# MATERIAL FOR THIS TASK
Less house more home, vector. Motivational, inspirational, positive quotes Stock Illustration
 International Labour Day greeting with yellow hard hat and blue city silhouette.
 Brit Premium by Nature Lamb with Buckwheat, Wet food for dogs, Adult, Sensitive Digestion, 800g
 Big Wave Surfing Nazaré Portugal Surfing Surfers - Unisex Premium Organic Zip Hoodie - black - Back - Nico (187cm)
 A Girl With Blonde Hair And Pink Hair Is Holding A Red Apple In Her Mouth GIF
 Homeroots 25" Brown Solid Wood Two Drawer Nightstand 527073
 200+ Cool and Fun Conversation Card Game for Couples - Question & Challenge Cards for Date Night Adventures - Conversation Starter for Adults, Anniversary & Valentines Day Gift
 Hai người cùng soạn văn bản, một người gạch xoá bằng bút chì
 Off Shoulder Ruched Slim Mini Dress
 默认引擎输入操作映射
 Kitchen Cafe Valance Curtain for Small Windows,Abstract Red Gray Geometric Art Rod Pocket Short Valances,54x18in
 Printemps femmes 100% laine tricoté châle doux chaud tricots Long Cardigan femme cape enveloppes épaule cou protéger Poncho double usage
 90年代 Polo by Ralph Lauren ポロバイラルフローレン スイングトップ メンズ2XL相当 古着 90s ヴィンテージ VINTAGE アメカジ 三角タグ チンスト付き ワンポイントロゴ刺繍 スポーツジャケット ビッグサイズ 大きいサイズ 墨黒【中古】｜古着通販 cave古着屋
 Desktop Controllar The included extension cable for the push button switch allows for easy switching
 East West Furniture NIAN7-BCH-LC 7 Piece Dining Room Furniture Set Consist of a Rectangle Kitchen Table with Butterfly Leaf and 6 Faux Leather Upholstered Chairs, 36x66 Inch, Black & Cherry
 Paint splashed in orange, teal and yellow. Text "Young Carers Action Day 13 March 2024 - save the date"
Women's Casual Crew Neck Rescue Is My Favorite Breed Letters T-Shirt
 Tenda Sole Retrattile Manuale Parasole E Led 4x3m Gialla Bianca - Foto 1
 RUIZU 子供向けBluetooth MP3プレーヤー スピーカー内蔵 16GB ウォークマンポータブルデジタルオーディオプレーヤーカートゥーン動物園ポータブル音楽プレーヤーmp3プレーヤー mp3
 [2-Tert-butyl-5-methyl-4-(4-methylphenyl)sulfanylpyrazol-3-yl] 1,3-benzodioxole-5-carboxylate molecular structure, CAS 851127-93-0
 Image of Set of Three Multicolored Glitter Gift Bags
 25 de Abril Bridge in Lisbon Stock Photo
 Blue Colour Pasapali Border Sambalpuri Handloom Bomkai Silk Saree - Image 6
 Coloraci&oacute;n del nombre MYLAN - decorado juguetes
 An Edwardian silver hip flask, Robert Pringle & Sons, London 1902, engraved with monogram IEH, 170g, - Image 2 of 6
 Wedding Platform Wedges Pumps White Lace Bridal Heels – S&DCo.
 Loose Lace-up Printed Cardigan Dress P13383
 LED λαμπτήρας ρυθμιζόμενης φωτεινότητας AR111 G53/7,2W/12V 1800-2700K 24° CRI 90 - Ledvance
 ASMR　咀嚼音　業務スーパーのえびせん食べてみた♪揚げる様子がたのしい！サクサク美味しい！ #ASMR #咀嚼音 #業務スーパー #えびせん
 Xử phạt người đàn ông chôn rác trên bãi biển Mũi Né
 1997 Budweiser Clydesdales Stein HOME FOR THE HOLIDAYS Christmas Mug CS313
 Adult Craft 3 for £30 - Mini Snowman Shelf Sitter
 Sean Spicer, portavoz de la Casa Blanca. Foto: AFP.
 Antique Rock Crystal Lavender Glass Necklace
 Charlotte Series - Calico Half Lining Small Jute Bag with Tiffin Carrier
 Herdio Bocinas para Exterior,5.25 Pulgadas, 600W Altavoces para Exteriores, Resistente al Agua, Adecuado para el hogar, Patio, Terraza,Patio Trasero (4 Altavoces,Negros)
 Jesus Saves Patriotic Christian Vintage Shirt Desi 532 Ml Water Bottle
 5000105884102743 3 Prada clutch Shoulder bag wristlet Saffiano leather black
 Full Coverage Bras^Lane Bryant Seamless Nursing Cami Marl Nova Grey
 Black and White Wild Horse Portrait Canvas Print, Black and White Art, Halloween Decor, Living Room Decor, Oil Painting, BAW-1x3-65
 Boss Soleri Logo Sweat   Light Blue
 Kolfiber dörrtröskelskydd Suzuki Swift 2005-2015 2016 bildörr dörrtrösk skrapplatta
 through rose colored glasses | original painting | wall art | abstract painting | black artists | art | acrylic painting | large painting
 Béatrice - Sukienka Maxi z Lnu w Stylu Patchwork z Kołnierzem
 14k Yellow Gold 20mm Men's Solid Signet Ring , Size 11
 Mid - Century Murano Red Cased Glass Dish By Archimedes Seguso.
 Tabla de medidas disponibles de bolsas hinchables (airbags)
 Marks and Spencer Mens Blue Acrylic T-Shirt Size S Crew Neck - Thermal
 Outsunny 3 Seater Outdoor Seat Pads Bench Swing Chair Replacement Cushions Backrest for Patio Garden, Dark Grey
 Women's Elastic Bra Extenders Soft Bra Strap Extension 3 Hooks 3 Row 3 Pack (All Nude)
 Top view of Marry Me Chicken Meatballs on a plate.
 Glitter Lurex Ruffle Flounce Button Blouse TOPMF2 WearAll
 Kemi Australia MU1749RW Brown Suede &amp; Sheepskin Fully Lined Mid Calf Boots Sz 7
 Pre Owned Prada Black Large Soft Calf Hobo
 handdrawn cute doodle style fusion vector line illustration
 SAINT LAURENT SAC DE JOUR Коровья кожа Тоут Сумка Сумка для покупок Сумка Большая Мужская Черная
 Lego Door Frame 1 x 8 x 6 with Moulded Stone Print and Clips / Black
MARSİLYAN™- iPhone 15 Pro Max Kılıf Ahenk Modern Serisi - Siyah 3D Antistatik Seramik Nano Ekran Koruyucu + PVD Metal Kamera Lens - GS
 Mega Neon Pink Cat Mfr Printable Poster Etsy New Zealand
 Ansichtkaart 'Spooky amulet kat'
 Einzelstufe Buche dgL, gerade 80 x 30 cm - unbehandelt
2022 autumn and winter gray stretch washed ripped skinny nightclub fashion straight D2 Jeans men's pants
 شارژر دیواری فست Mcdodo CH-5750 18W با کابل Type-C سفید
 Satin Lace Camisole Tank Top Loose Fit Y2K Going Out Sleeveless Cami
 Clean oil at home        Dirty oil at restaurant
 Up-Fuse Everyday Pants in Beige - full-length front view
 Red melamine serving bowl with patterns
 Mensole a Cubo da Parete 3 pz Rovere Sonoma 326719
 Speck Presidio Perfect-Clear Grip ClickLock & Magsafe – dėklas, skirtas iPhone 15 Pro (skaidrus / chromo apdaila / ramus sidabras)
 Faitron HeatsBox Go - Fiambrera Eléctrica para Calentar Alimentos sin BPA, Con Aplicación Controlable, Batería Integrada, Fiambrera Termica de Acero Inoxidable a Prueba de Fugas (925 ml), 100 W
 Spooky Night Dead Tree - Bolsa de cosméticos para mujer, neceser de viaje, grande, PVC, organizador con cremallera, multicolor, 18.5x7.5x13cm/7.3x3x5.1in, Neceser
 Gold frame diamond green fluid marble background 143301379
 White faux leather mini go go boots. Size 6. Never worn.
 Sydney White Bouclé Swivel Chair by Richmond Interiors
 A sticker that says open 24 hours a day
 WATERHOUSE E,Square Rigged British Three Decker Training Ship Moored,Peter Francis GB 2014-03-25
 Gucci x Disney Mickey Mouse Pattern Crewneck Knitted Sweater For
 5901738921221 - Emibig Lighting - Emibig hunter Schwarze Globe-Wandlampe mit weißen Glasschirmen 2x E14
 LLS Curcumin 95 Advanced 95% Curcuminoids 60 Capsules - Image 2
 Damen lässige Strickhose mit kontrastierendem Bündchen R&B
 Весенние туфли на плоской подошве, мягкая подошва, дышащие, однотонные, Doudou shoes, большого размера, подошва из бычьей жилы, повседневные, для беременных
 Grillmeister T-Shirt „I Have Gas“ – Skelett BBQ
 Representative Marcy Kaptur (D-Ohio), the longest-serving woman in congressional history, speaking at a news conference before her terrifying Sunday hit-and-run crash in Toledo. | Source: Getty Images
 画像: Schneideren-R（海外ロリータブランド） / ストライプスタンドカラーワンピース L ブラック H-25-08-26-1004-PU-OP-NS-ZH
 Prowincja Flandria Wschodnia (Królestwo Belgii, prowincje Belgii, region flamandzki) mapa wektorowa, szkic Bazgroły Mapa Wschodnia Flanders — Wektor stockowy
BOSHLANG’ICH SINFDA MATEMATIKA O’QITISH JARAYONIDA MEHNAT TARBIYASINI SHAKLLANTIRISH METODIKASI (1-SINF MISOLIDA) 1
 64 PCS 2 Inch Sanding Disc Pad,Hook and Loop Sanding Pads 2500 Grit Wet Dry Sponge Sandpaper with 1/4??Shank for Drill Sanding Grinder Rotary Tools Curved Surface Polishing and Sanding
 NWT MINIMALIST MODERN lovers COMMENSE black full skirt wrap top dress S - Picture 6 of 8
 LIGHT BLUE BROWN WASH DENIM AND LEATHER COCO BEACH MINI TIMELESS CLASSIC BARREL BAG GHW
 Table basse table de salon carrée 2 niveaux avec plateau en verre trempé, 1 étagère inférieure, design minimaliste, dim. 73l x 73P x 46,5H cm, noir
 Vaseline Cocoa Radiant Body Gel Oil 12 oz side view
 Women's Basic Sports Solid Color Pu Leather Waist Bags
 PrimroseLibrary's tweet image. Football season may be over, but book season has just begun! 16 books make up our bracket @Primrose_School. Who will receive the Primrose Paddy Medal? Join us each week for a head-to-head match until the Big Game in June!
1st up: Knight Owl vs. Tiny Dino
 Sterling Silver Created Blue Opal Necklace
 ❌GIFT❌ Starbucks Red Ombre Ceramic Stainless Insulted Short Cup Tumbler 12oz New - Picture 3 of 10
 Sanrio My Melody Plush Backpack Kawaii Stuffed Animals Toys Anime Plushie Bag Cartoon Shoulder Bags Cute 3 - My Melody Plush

# PROBLEM DESCRIPTION
Please copy the lines in the records above between the one holding "Tabla de medidas" and the one holding "handdrawn cute doodle", inclusive, exactly and with no other line.

# WRITTEN RESPONSE
 Tabla de medidas disponibles de bolsas hinchables (airbags)
 Marks and Spencer Mens Blue Acrylic T-Shirt Size S Crew Neck - Thermal
 Outsunny 3 Seater Outdoor Seat Pads Bench Swing Chair Replacement Cushions Backrest for Patio Garden, Dark Grey
 Women's Elastic Bra Extenders Soft Bra Strap Extension 3 Hooks 3 Row 3 Pack (All Nude)
 Top view of Marry Me Chicken Meatballs on a plate.
 Glitter Lurex Ruffle Flounce Button Blouse TOPMF2 WearAll
 Kemi Australia MU1749RW Brown Suede &amp; Sheepskin Fully Lined Mid Calf Boots Sz 7
 Pre Owned Prada Black Large Soft Calf Hobo
 handdrawn cute doodle style fusion vector line illustration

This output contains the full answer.